Unless statistical LMs incorporate some kind of statistical attention mechanism (which is possible!) they will never be able to grasp a high-level understanding of text as do humans and LMs. A statistical LM is unable to copy data / tokens from one place to another, operate on a continous state, blend together tokens across different spaces, perform few-shot learning (needs neural mechanism!) or transfer learning (no state vectors!). Therefore, their purpose remains limited to grasping surface-level features of text, like syntax, or general structure.

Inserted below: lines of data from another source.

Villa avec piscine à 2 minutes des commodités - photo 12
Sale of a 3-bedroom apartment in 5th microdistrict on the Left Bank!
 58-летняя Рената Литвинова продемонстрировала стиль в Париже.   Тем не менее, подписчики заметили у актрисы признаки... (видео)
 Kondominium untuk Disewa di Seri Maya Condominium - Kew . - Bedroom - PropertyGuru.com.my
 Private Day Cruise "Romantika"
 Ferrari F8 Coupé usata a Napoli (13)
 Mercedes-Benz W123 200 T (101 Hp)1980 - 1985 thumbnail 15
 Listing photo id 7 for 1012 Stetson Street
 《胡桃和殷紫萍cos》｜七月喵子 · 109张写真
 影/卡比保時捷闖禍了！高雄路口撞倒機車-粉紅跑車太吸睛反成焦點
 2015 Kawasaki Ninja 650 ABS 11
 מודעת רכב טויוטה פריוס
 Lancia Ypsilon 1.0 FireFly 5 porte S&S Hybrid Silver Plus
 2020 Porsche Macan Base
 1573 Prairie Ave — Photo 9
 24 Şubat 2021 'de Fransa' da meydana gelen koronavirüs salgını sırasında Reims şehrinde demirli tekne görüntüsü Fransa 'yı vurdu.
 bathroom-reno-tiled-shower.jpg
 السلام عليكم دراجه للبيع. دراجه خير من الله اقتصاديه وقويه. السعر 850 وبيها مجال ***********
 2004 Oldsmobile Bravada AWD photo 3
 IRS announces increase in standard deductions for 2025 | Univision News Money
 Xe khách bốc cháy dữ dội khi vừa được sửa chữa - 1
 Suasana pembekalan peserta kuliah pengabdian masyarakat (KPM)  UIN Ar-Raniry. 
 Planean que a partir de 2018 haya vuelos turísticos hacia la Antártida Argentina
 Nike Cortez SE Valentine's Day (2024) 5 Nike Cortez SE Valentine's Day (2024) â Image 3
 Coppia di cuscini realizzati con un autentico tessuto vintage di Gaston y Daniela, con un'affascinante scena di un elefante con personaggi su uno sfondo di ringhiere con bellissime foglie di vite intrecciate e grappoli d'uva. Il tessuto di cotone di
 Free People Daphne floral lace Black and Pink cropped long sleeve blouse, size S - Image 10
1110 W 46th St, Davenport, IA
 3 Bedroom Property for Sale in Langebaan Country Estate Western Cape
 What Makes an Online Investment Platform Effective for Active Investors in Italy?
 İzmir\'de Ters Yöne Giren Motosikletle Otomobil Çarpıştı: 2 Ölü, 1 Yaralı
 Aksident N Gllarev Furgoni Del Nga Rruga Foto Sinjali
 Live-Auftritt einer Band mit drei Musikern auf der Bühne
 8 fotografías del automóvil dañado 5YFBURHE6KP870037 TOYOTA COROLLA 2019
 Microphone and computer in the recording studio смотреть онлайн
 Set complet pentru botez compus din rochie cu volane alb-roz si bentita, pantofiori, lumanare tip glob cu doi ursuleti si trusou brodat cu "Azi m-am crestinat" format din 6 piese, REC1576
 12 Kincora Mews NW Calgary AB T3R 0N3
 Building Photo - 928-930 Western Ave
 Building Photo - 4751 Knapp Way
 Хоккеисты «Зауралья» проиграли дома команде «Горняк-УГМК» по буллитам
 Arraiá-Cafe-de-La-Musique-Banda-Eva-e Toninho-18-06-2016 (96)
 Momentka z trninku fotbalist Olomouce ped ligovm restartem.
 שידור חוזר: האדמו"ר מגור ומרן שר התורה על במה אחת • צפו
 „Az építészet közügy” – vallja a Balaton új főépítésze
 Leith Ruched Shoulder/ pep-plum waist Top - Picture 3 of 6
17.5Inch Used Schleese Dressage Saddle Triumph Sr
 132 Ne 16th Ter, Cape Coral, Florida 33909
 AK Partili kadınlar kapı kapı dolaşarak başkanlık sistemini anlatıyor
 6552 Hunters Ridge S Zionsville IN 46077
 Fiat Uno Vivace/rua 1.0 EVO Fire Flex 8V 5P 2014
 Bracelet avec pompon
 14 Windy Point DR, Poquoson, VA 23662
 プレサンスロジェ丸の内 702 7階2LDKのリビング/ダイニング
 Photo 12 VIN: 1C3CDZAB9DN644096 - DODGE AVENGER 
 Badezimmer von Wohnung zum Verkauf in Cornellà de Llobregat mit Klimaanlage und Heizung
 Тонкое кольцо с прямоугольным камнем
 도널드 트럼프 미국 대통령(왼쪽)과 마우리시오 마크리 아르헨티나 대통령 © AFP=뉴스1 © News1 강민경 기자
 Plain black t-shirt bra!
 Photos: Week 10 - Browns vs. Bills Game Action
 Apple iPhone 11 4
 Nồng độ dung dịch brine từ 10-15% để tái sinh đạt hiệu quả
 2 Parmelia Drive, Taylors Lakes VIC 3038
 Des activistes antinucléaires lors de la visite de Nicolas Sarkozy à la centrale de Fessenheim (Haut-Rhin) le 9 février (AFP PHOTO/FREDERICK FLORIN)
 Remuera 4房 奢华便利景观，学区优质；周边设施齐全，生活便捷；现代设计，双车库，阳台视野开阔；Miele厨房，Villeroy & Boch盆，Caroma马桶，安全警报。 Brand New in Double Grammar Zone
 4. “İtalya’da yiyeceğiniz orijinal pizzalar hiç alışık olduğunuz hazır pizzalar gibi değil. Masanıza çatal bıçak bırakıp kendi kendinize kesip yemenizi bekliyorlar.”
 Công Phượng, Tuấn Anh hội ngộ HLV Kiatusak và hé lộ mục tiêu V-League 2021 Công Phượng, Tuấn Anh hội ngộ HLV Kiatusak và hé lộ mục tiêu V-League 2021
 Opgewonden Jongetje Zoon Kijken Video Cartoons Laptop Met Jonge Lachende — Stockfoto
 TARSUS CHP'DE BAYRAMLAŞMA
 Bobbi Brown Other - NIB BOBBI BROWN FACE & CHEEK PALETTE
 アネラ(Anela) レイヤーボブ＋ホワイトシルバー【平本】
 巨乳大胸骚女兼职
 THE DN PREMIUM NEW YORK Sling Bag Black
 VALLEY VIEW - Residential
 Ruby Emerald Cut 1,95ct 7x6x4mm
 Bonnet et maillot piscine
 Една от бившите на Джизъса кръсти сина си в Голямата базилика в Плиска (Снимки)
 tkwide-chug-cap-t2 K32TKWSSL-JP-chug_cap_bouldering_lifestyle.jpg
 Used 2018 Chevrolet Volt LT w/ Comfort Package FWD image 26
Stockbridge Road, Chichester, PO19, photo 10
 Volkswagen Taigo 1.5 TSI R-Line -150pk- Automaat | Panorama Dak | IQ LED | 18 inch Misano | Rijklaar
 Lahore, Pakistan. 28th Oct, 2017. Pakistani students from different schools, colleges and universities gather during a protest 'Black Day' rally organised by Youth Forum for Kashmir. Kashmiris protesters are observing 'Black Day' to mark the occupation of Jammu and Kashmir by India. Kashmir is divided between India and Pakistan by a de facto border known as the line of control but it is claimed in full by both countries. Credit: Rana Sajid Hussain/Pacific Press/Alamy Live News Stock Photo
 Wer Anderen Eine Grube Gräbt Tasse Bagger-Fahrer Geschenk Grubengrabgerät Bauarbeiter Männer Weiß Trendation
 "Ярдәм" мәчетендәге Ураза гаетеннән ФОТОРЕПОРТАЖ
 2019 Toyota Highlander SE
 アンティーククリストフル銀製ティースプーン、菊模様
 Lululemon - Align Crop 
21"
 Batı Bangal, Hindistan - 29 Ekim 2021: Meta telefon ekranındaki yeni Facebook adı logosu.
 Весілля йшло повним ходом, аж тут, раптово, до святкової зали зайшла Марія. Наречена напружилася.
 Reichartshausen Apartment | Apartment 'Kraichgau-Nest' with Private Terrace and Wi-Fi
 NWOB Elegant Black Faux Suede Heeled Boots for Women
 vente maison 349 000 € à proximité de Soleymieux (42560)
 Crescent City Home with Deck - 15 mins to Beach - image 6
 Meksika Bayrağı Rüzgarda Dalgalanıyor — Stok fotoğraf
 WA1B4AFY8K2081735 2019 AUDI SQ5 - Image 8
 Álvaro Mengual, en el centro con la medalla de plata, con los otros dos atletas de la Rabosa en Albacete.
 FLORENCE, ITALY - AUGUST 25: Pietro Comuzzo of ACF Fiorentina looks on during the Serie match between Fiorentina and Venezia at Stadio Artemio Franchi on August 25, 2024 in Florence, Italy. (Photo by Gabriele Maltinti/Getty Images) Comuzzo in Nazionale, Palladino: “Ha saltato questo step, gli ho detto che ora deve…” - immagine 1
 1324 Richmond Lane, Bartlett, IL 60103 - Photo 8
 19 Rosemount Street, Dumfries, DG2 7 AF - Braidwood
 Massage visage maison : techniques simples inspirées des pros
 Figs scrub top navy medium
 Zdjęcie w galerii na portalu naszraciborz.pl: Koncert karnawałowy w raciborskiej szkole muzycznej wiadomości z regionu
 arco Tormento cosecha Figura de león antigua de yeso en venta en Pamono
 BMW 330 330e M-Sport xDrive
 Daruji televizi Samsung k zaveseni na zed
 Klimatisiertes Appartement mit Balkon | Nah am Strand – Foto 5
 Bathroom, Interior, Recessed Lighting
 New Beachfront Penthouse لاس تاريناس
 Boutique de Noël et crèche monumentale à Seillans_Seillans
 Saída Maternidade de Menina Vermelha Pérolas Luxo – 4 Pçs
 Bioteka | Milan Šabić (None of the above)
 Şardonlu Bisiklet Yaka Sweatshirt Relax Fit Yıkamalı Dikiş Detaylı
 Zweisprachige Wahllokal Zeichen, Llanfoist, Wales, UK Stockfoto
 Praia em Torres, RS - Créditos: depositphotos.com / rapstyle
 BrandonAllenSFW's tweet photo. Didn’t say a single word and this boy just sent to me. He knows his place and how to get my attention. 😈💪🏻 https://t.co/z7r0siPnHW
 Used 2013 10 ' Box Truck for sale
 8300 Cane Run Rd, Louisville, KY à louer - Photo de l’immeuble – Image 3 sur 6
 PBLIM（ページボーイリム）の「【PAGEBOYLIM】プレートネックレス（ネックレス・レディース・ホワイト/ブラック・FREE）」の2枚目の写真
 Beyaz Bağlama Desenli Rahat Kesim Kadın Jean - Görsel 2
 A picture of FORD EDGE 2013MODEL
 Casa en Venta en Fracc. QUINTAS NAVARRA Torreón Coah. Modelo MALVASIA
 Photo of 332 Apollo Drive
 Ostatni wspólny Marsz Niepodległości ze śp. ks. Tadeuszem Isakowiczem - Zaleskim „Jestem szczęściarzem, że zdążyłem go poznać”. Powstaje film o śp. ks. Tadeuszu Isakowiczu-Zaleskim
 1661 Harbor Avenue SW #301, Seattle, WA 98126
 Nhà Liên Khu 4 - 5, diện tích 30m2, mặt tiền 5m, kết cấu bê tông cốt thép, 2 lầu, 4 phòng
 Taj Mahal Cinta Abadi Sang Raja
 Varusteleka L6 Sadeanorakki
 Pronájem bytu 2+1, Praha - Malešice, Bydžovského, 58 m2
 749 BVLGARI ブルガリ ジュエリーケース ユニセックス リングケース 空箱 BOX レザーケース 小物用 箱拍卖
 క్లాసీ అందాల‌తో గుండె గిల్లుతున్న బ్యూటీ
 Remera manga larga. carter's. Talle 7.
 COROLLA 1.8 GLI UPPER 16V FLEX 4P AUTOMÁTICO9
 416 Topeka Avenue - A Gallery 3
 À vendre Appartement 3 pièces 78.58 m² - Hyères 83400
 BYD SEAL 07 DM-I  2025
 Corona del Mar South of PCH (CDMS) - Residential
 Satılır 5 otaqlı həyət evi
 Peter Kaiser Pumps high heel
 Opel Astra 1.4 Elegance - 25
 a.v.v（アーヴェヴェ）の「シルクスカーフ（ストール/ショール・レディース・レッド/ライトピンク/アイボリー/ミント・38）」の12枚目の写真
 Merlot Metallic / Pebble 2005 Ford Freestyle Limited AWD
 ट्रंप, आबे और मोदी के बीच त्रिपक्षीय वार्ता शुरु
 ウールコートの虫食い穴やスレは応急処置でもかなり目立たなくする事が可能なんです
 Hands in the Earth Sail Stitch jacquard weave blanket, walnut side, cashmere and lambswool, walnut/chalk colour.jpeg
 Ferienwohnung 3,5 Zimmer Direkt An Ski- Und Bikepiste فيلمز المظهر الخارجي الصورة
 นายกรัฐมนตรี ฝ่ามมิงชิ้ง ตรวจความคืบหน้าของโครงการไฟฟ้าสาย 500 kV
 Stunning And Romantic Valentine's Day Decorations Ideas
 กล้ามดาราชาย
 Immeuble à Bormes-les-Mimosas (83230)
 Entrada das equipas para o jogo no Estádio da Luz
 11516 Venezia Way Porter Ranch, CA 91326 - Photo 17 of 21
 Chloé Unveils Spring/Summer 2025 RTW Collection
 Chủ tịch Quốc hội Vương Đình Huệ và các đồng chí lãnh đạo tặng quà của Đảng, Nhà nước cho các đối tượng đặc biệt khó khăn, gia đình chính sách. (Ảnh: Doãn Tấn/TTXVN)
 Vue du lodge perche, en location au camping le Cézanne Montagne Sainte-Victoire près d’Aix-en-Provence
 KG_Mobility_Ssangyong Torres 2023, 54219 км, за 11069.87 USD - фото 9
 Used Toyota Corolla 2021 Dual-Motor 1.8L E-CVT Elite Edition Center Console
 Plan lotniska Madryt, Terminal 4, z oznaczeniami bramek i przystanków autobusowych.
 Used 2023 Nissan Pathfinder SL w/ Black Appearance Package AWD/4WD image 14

Google pushed to make their translation software (which in the 2010s, was n-gram based) the best at the time, but even LSTMs (which were invented way before Transformers) managed to outperform them.
Do not let this discourage you though. It may be practical to incorporate some kind of continous state vector / representation within a statistical model, making it drastically more efficient than LLMs while preserving all the benefits of NN-based models. This is an active field of research at Bellevue College ML (BCML) -- and if pioneered, could result in language models thousands of times more efficient. Don't let an article discourage you.